WHAT YOU WILL DO -> From the entries below, reproduce exactly the line containing "I hate CAN error", the line containing "After you tap", and every line in between, with nothing added.

THE DATA ->
========================

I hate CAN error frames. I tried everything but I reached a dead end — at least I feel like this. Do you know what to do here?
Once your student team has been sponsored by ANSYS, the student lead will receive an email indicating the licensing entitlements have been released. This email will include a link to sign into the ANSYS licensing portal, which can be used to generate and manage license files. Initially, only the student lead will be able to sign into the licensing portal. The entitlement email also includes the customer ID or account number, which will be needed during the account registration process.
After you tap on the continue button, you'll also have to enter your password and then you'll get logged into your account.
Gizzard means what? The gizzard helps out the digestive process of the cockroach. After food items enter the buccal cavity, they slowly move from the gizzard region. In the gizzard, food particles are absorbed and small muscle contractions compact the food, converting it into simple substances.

========================

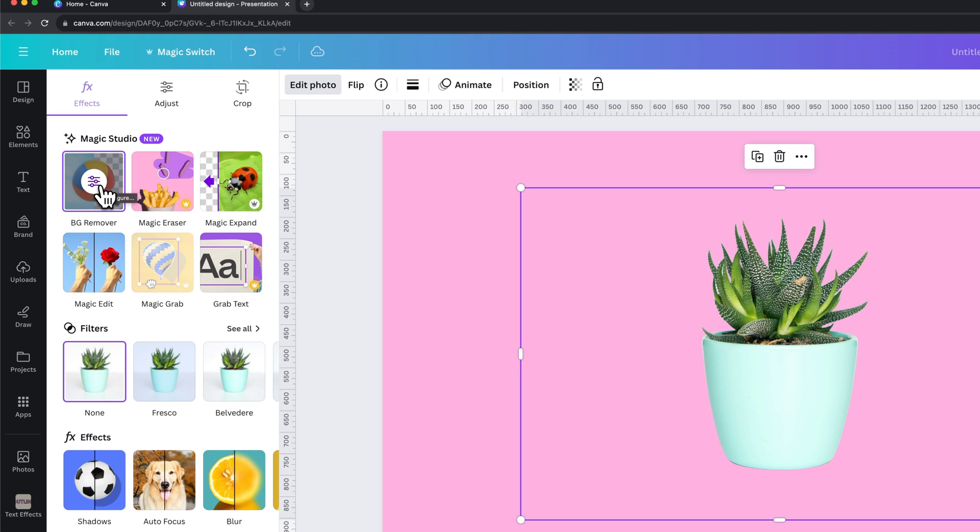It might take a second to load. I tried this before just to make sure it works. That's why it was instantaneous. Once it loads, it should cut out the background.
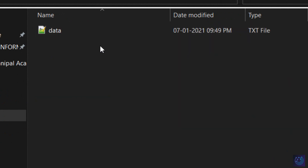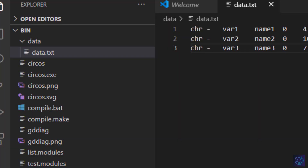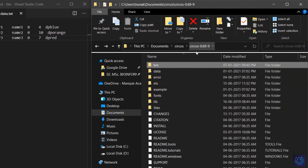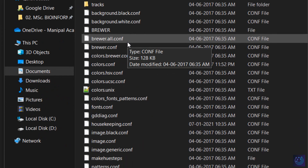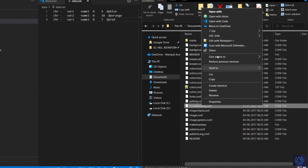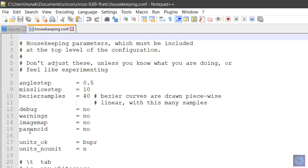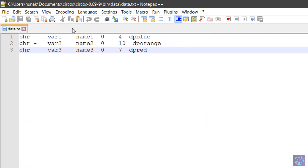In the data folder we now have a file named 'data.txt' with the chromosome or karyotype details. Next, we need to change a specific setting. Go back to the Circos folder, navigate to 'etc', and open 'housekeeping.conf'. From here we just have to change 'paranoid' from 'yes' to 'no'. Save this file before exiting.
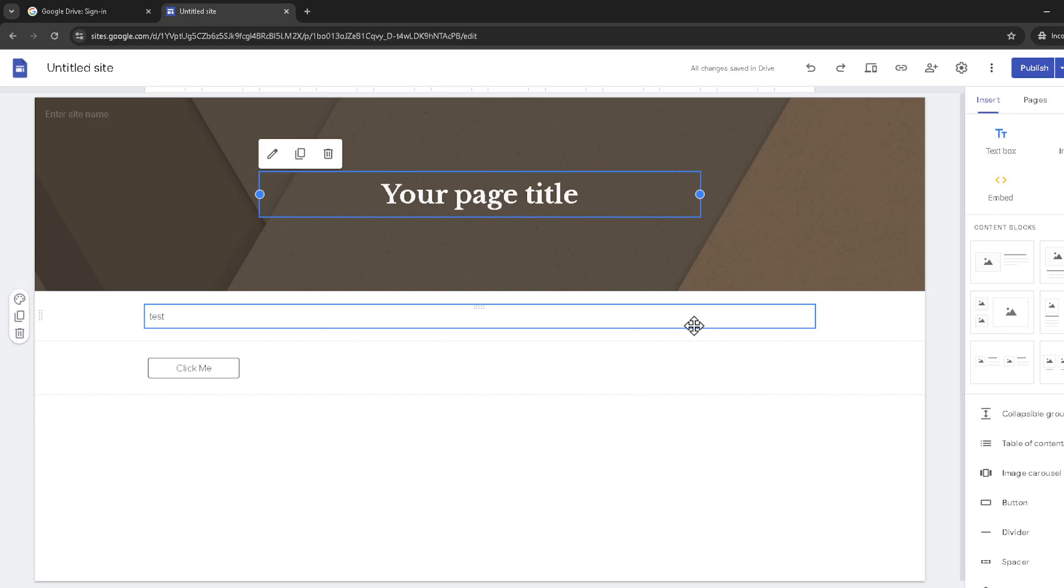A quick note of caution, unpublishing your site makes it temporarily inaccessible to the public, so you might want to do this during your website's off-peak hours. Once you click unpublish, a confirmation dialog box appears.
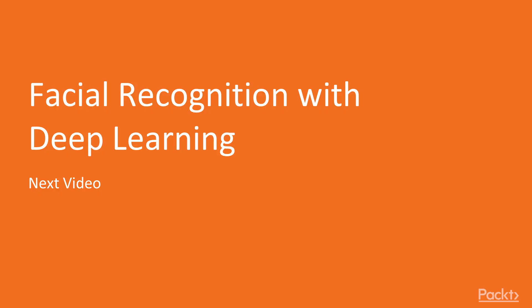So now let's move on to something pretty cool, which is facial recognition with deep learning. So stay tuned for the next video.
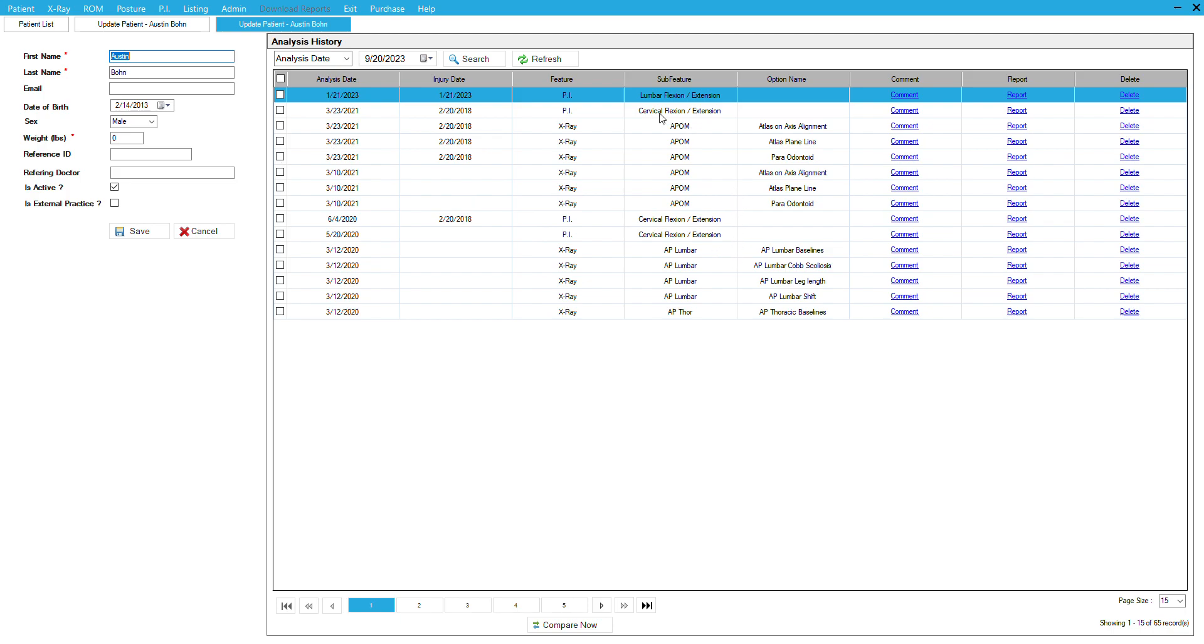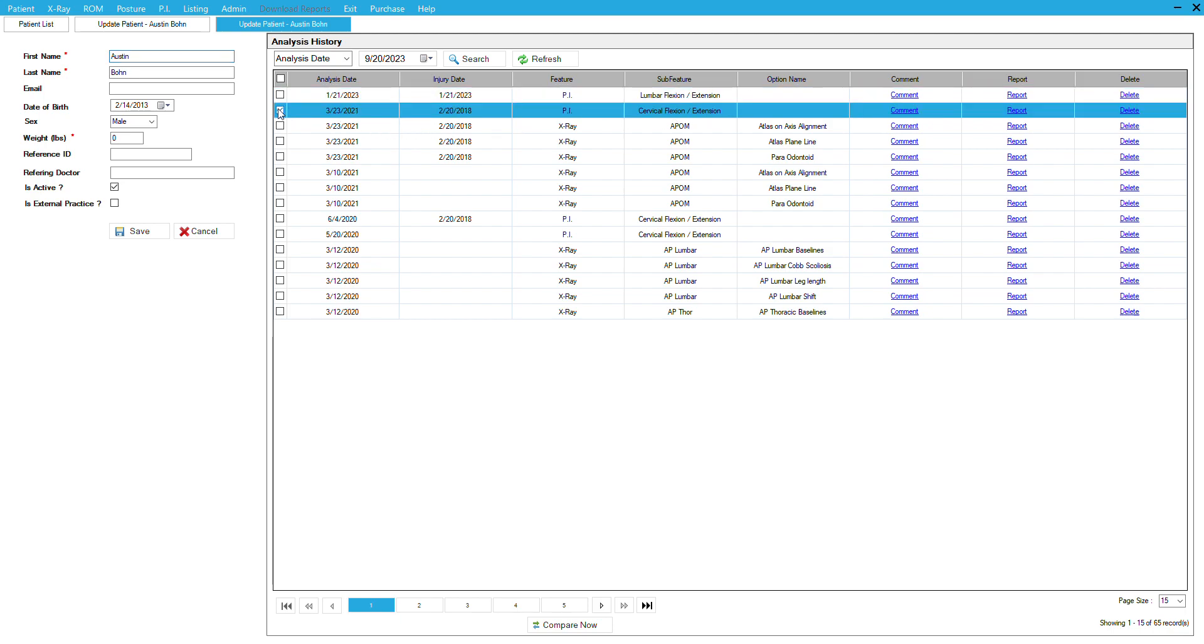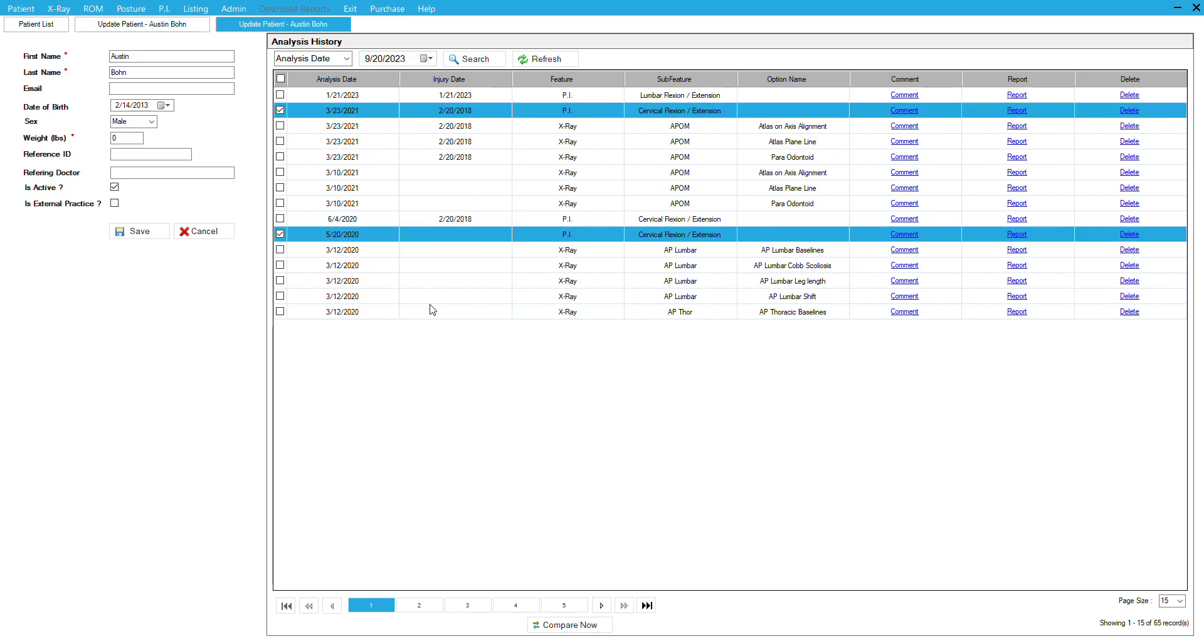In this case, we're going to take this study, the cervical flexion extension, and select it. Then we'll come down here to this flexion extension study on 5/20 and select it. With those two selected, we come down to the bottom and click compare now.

========================

SOLUTION FOR THIS EXERCISE ->
I hate CAN error frames. I tried everything but I reached a dead end — at least I feel like this. Do you know what to do here?
Once your student team has been sponsored by ANSYS, the student lead will receive an email indicating the licensing entitlements have been released. This email will include a link to sign into the ANSYS licensing portal, which can be used to generate and manage license files. Initially, only the student lead will be able to sign into the licensing portal. The entitlement email also includes the customer ID or account number, which will be needed during the account registration process.
After you tap on the continue button, you'll also have to enter your password and then you'll get logged into your account.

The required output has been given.